Not everyone is up for running the Boston Marathon, but entering races has become an increasingly favorite pastime for many Americans, especially when the organization hosting the race makes it fun. Running through the gauntlet of spectators throwing paint on participants (the Color Run) is one variation on the theme, and the 5k Foam Fest – where runners wade through waist-high fields of foam, army-crawl through mud pits, climb mass walls and fly down slip n’ slides– is another. But this year, Round House Racing canceled their Foam Fest at the last minute, inciting dismay and anger from race participants who had already paid and registered to run the race, according to this article in Salt Lake City’s Fox13Now online news source. Facing formal complaints by several of the runners, it may behoove the organization to team up with a business bankruptcy attorney in Utah, and quick.
The 5k Foam Fest wasn’t a local event—with several simultaneous races scheduled to start in multiple U.S. cities, the disappointment and outrage at Round House Racing’s bankruptcy declaration can be felt across the nation. Based in Spanish Fork, the company and its owner David Ballard have all but vanished. Ballard declined to participate in an interview, according to Fox13 News, but reported over the phone that “there weren’t enough people registering for the races to outweigh the cost of doing the events.” A business bankruptcy attorney in Utah might affirm that this situation is common to companies shutting down and closing shop, but is it what happened to Round House Racing? As of July 17, the 5k Foam Fest was discontinued, according to the notice on their website, but the abrupt way in which the company shut its doors without refunding customer payments is what has the complaints rolling in.
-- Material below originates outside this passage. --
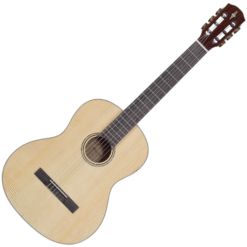 Alvarez RC 26 (N) (gitara klasyczna 4/4)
A business bankruptcy attorney in Utah like Clay A. Alger might warn Ballard and the now non-existent Round House Racing to be cautious at this juncture: canceling the events just days before they were scheduled in 44 cities across the U.S. for thousands of prospective participants who had already paid is a situation ripe for trouble. Ballard maintains that there is no money to refund, because the money isn’t there. “The race season has really bottomed out and we are being forced to close our doors,” Ballard wrote in an email to his landlord the day before the events were canceled. An apology on the 5k Foam Fest website, to customers who prepaid up to $100, stated that the company “no longer has staff or funds, and will not be able to respond to individual emails or phone calls.”
Though “Utah consumer officials can neither confirm nor deny whether an investigation into Round House Racing is underway, they say they’re getting calls from the public.” An angry public that is heading to the Utah Division of Consumer Protection and other consumer advocacy companies should signal to the now insolvent company that a business bankruptcy attorney in Utah may be a good choice in going forward in terms of protecting assets of affiliates and owners. Meanwhile, the Better Business Bureau “has put an alert on its website warning consumers” that no refunds—full or partial—are available from Round House.